___ Exercise material

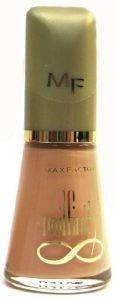   MAX FACTOR, NAILFINITY  223 SEE THROUGH PEACH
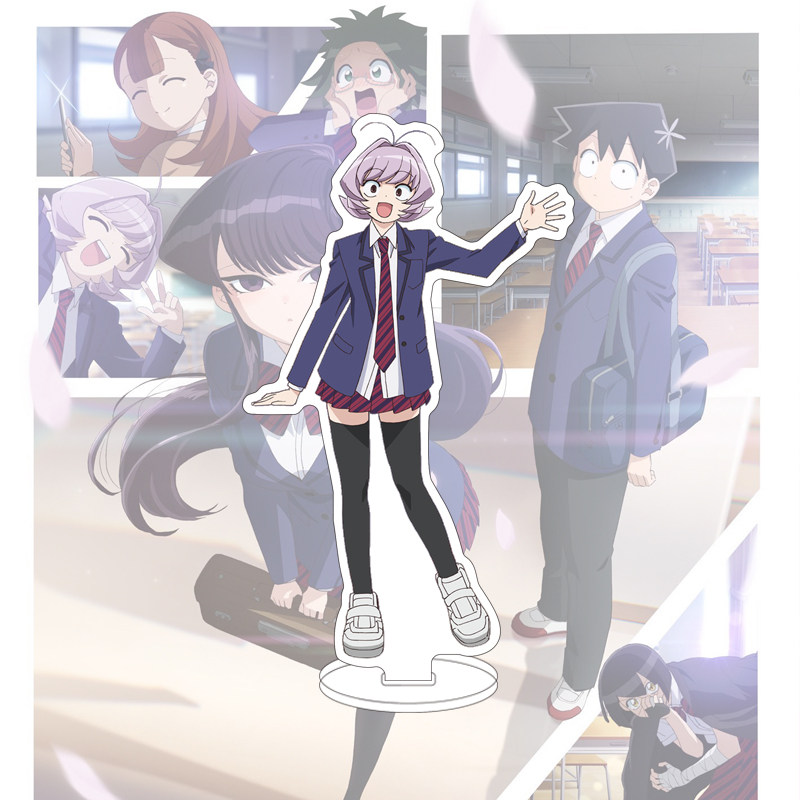 مجسم أنمي كومي كان't كوميونيك  - مراجعة Original Anime Merchandise وسعره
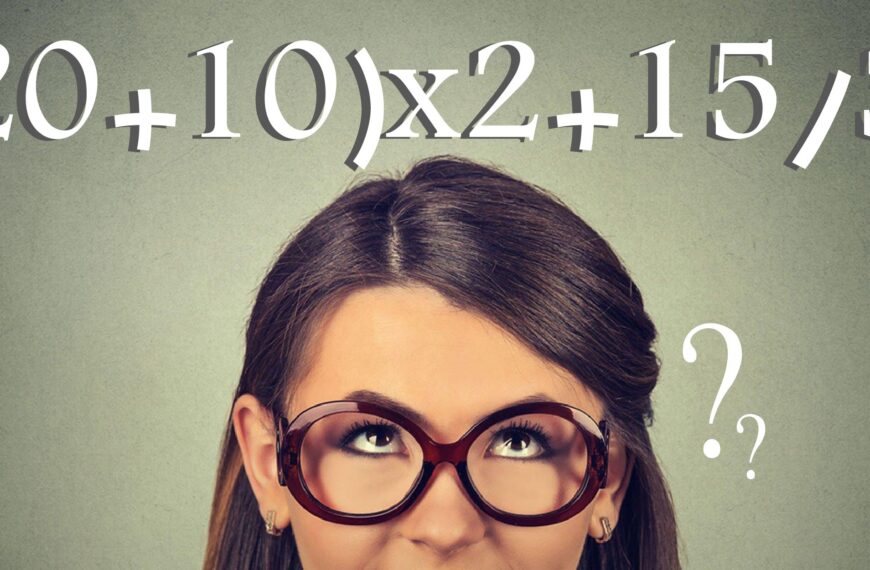 Défi mathématique : Testez votre génie en résolvant cette équation en moins de 10 secondes !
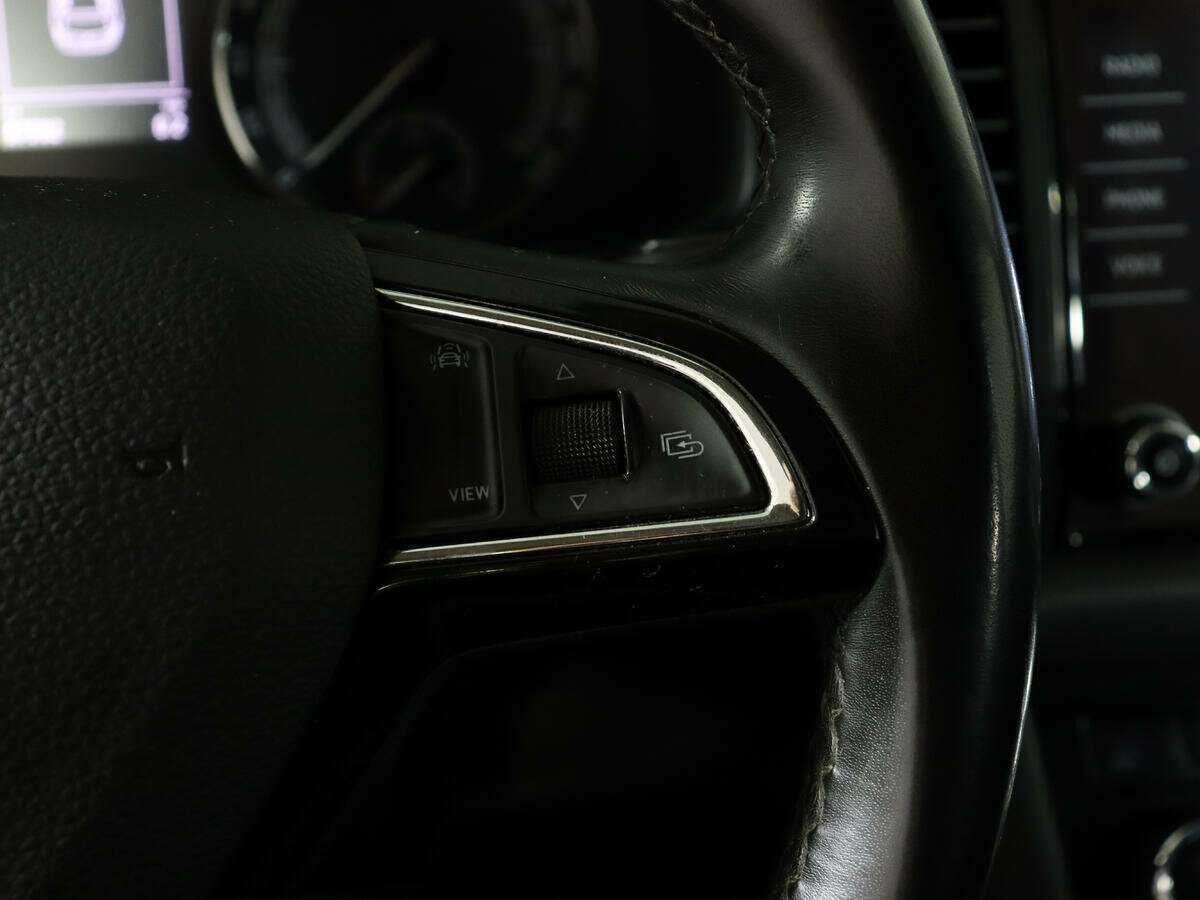 Купить Skoda Kodiaq с пробегом. Фото: #15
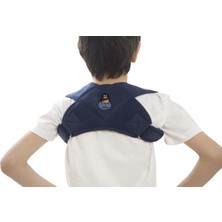 Özbience Çocuklar Için Hafif ve Esnek Klavikula Destek Bandı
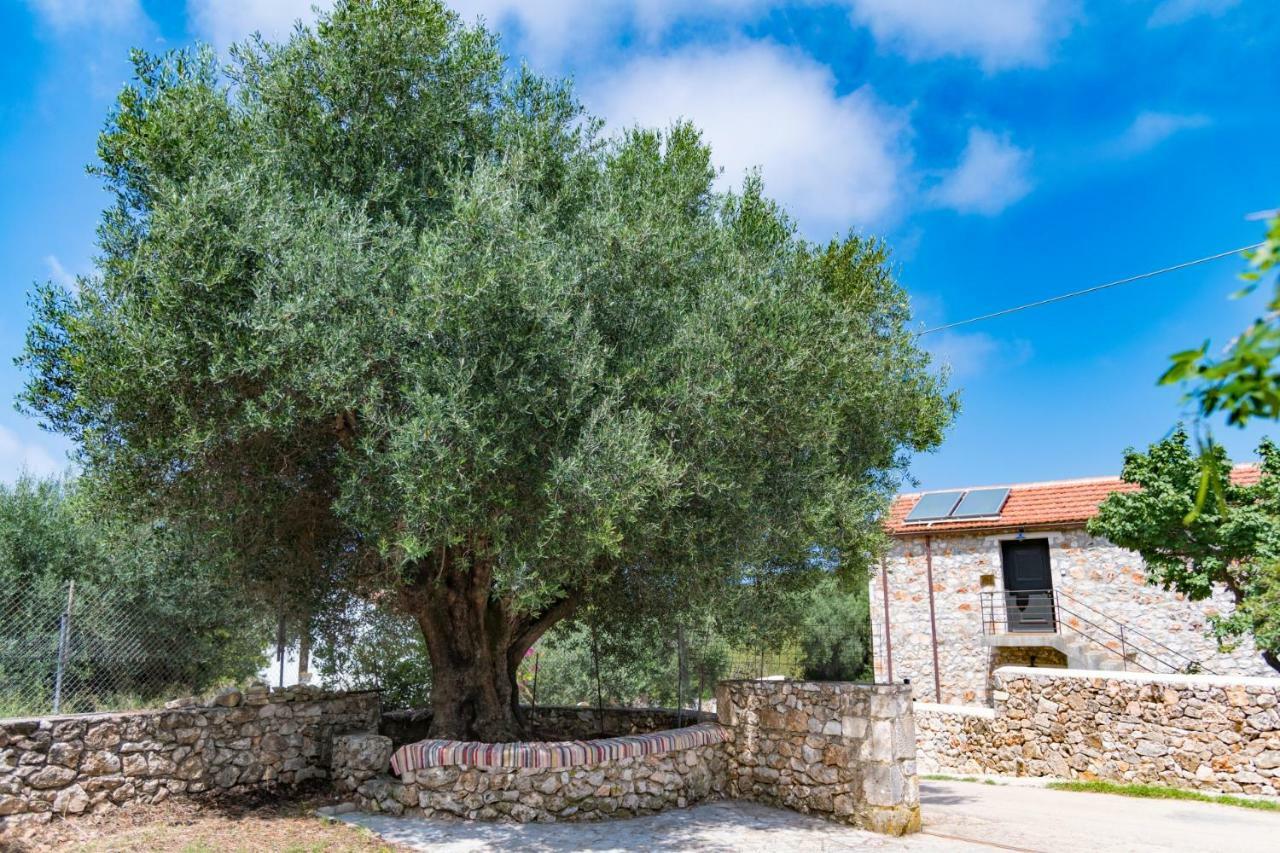 Private Villa Demetra 1768 With Pool - Close To Φισκάρδο Εξωτερικό φωτογραφία
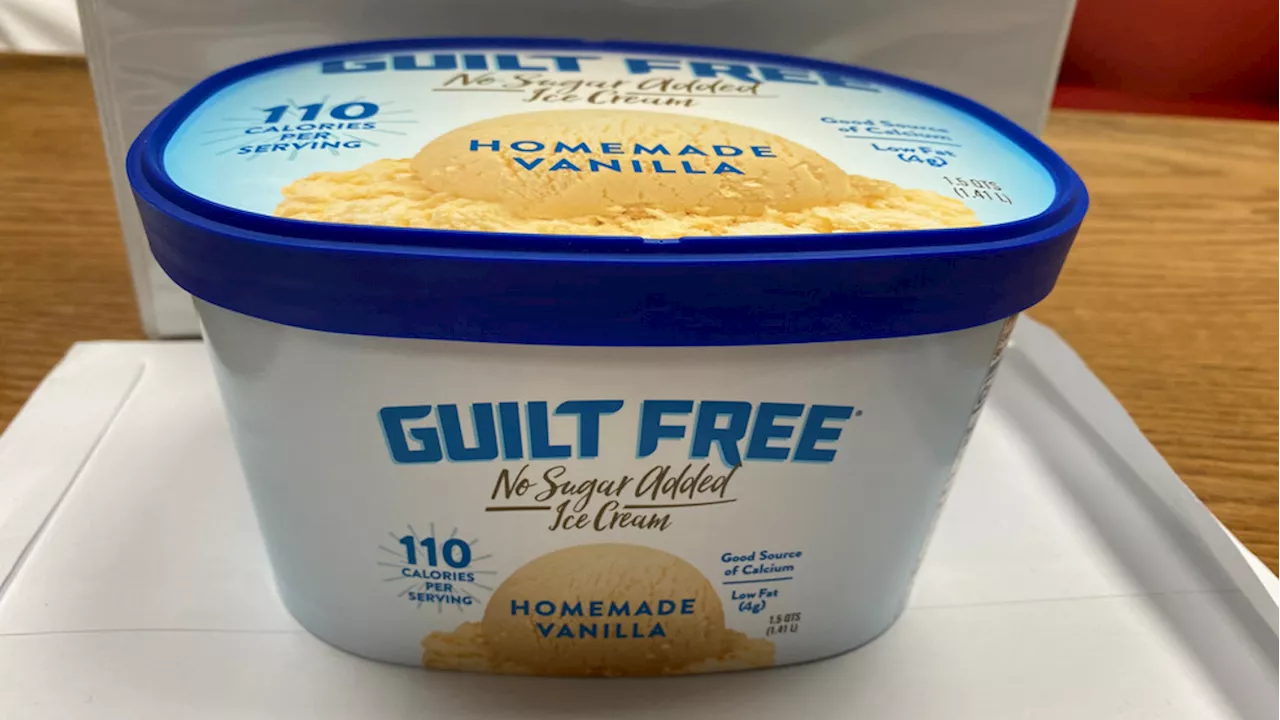 Arkansas ice cream brand recalls product due to possibility of 'life-threatening' undeclared egg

______

Goal of the exercise: In the data above, take the line with "مجسم أنمي كومي", the line with "Özbience Çocuklar Için", and every line between, and set them down exactly without pictures.

Result:
 مجسم أنمي كومي كان't كوميونيك  - مراجعة Original Anime Merchandise وسعره
 Défi mathématique : Testez votre génie en résolvant cette équation en moins de 10 secondes !
 Купить Skoda Kodiaq с пробегом. Фото: #15
 Özbience Çocuklar Için Hafif ve Esnek Klavikula Destek Bandı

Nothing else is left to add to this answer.